3. Hat man als Arbeitnehmer
ein Wahlrecht?
a.
Eine Vertragsbestimmung, in der sich ein Arbeitgeber
vorbehält, bei Ausscheiden des
Arbeitnehmers diesem ein Wettbewerbsverbot aufzuerlegen, ist für den
Arbeitnehmer nach einer Grundsatzentscheidung des BAG unverbindlich.
Der
Arbeitnehmer hat dann die Wahl, ob er sich auf die Unverbindlichkeit
berufen oder aber Wettbewerb unterlassen und dafür Karenzentschädigung
beanspruchen will. Für einen Anspruch auf
Karenzentschädigung aus einem für den Arbeitnehmer unverbindlichen
Wettbewerbsverbot genügt es, wenn der Arbeitnehmer sich zu Beginn der
Karenzzeit endgültig für das Wettbewerbsverbot entscheidet und seiner
Unterlassungsverpflichtung nachkommt. Einer darüber hinausgehenden Erklärung
gegenüber dem Arbeitgeber bedarf es nicht. Der Anspruch auf Karenzentschädigung
setzt nach der Senatsrechtsprechung voraus, dass der Arbeitnehmer das
Wettbewerbsverbot insoweit einhält, als es nach § 74a Abs. 1 HGB verbindlich
ist. Die Einhaltung auch in seinem unverbindlichen Teil ist nicht erforderlich.
b.
Was aber ist, wenn die Karenzentschädigungsregelung vollständig fehlt?
Hat
der Arbeitnehmer dann auch noch ein Wahlrecht? Wenn das Wettbewerbsverbot nichtig
ist, ist nicht ersichtlich, dass der
Arbeitnehmer ein Wahlrecht hat, meint das Bundesarbeitsgericht: Eine
Wettbewerbsabrede, die für die Karenz des Arbeitnehmers keine Entschädigung
des Arbeitgebers vorsieht, ist nichtig (Senatsurteil 1994). Weder der
Arbeitnehmer noch der Arbeitgeber können aus einer solchen Abrede Rechte
herleiten.
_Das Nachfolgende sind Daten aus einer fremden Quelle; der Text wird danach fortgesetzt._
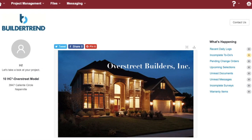Hello and welcome to Overstreet Builders. This is your homeowner portal through Buildertrend. To enter your home's portal, you'll receive a unique login and password from our service manager.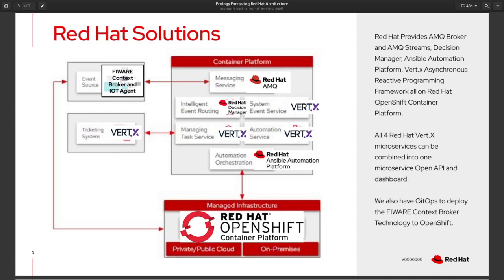We can then provide other microservices to call to Ansible Tower to invoke ecological forecasting — a long-running process that runs a forecast and determines, based on inputs, what ecological impact is projected in the future based on the information we have.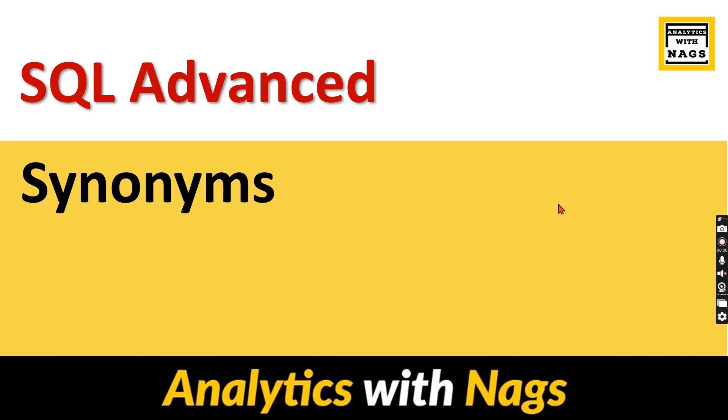Welcome to Analytics with Nags. In this video, I'm going to talk about synonyms as part of the SQL Advanced series. This series covers real-time scenarios and key concepts used in corporate environments.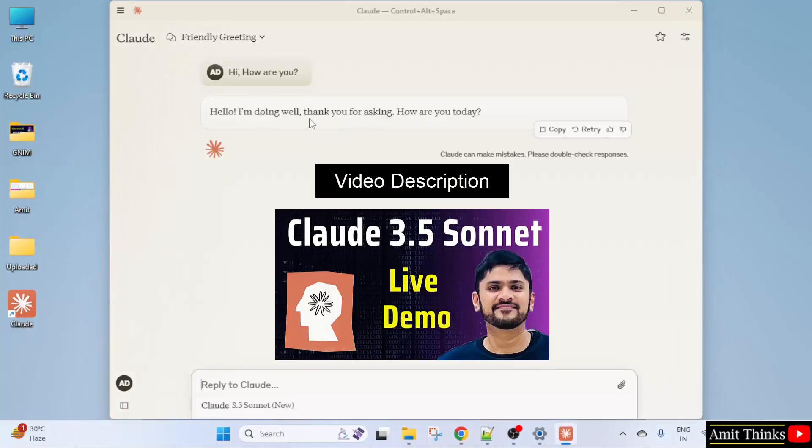Now you can work on Claude easily. Now refer the following prompts which I have shown to work on Claude. Thank you for watching the video.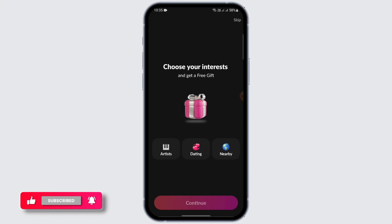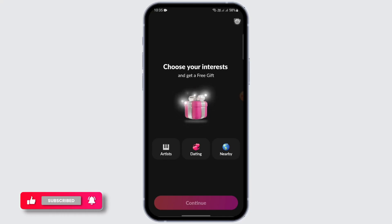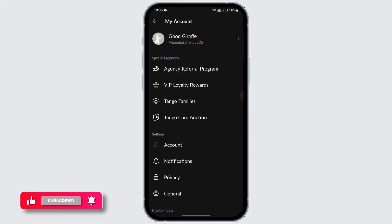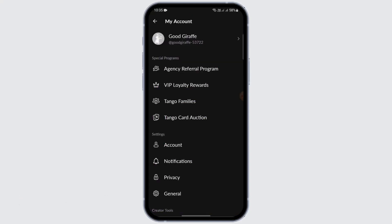After that, choose your interests or you may skip it — I'm going to skip it for now. After that you have successfully signed up on your Tangle Live account very easily. You just need a Google account or a phone number for that.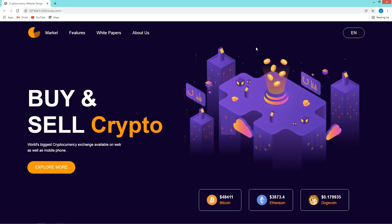Hi guys, welcome back to another video of EG Tutorials YouTube channel. Today in this video, you will learn how to make a website that will display the live price of cryptocurrency, and we will make this website using HTML, CSS and JavaScript. We will get the live price from a free API. I have displayed the price of Bitcoin, Ethereum and Dogecoin. Like this you can display the price of any cryptocurrency, and whenever you refresh the webpage you will get the live price. So let's start this video.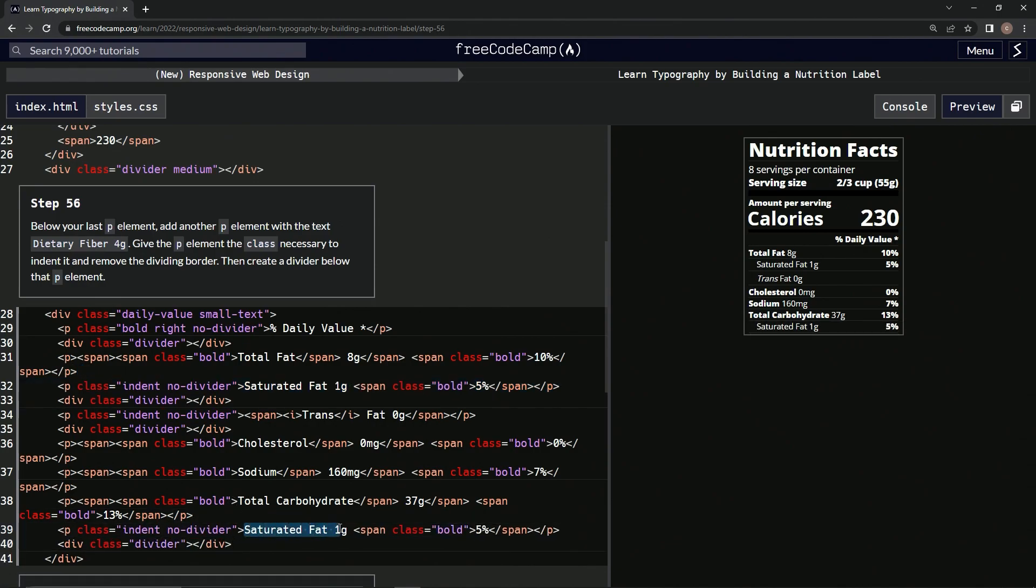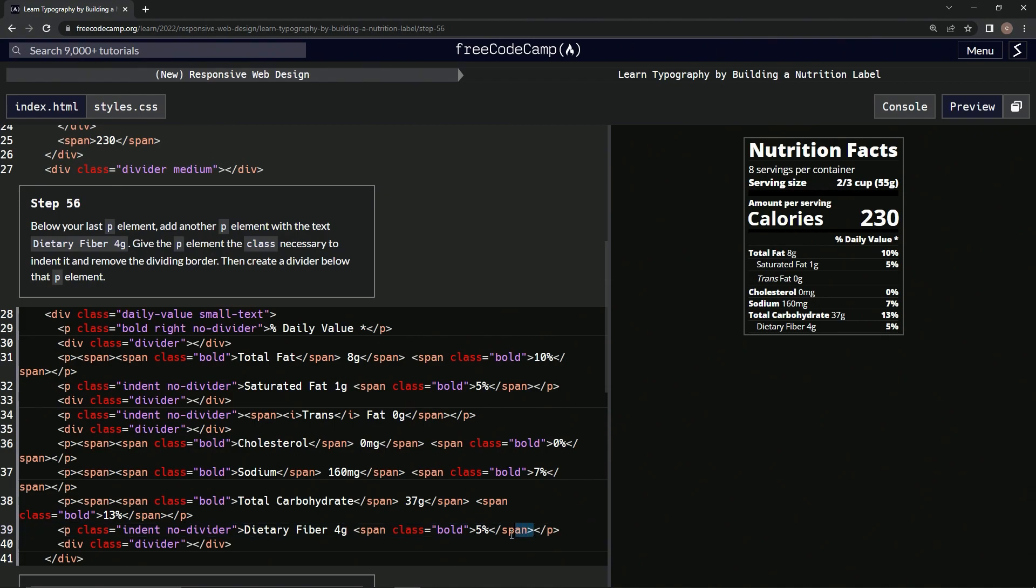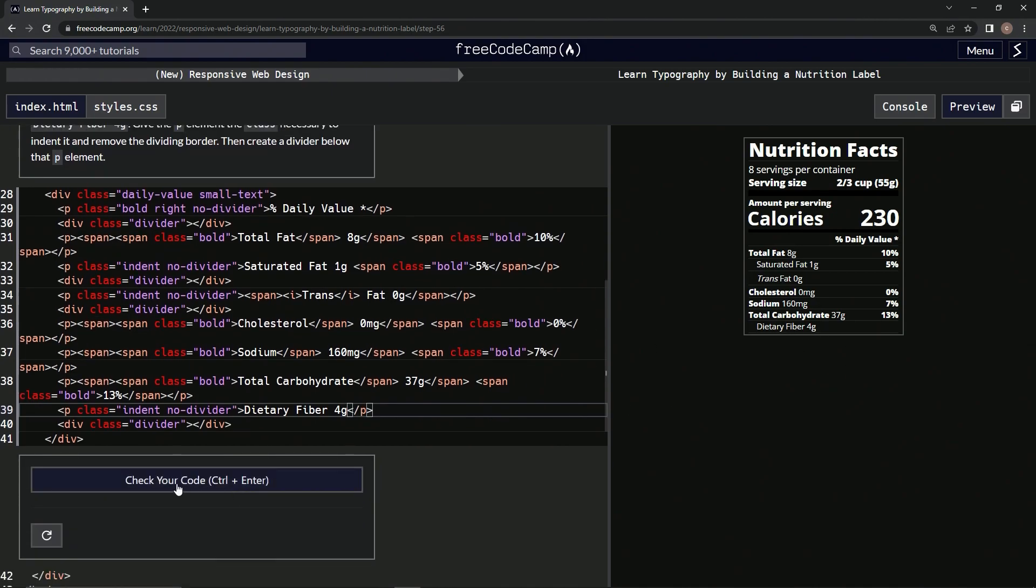change this text to - what is it - dietary fiber, dietary fiber 4 grams. Alright, and then we'll take out this part right here from this p up to here. Alright, so now it looks like this, and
Der
Arbeitnehmer erwirbt auch dann keinen Anspruch auf eine Entschädigung, wenn er
sich des Wettbewerbs enthält. Hier gibt
es also kein Wahlrecht. Der Grund liegt nach dem BAG darin, dass im Fall des
Fehlens einer Karenzentschädigung die in § 74 Abs. 2 HGB bestimmte Rechtsfolge
eines Wahlrechts des Arbeitnehmers wirtschaftlich keinen Sinn mache.
c.
Besteht dann doch noch eine Möglichkeit, aus dem nichtigen
Wettbewerbsverbot wenigstens eine
Mindestkarenzentschädigung abzuleiten?
Dieses
Ergebnis wird von einigen Kommentatoren als "unbefriedigend" beurteilt
und ein Anspruch des Arbeitnehmers auf die Mindestentschädigung
iSv. § 74 Abs. 2 HGB jedenfalls dann befürwortet,
wenn dem Arbeitnehmer die Rechtslage nicht
bewusst gewesen sei. Für ihn bestehe -
wie das BAG auf diese Meinung hin referiert - die
Gefahr, dass er das Wettbewerbsverbot für verbindlich halte, und sich bei
seiner neuen beruflichen Orientierung auch dann danach richte, obwohl er keinen
oder nur den vertraglich vereinbarten Entschädigungsanspruch habe. Der
Streitfall bot keinen Anlass zur abschließenden Klärung dieser Rechtsfrage.
Denn dem Kläger im BAG-Fall war, wie sich aus einem Schreiben an den
Arbeitgeber ergab, die Nichtigkeit des entschädigungslos vereinbarten
Wettbewerbsverbots bekannt.
Der
ausgeschiedene Angestellte kann nach dem LAG Berlin daraus keinen
Entschädigungsanspruch in Höhe der Mindestentschädigung nach § 74 Abs 2 HGB
herleiten. Dies gilt auch dann, wenn in
einer allgemeinen Präambel zum Arbeitsvertrag auf die gesetzlichen Bestimmungen
verwiesen wird, soweit der Vertrag keine günstigeren Vereinbarungen enthält,
vgl. Landesarbeitsgericht Berlin 2003. Allerdings hat das Landesarbeitsgericht
Rheinland-Pfalz das im Jahre 2002 etwas anders gesehen:
Wenn
man nicht fordert, dass der Arbeitgeber von einem nichtigen Vertragsteil in der
vertraglich vorgesehenen Form abzurücken hat, so ist die gesetzliche
Mindestregelung des § 74 Abs. 2 HGB zu beachten, wenn der Arbeitnehmer
mitgeteilt hat, dass er sich an das Wettbewerbsverbot halten werde. Denn immer
dann, wenn vertragliche Vereinbarungen nichtig sind, sei der gesetzliche Rahmen
zu beachten, so dass eine Mindestentschädigung für den Kläger in Betracht
kommt, was das Bundesarbeitsgericht in dem genannten Fall auch für möglich
gehalten hat. Allerdings darf sich der Kläger der Rechtslage bezüglich der
Verbindlichkeit der Wettbewerbsabrede nicht bewusst gewesen sein.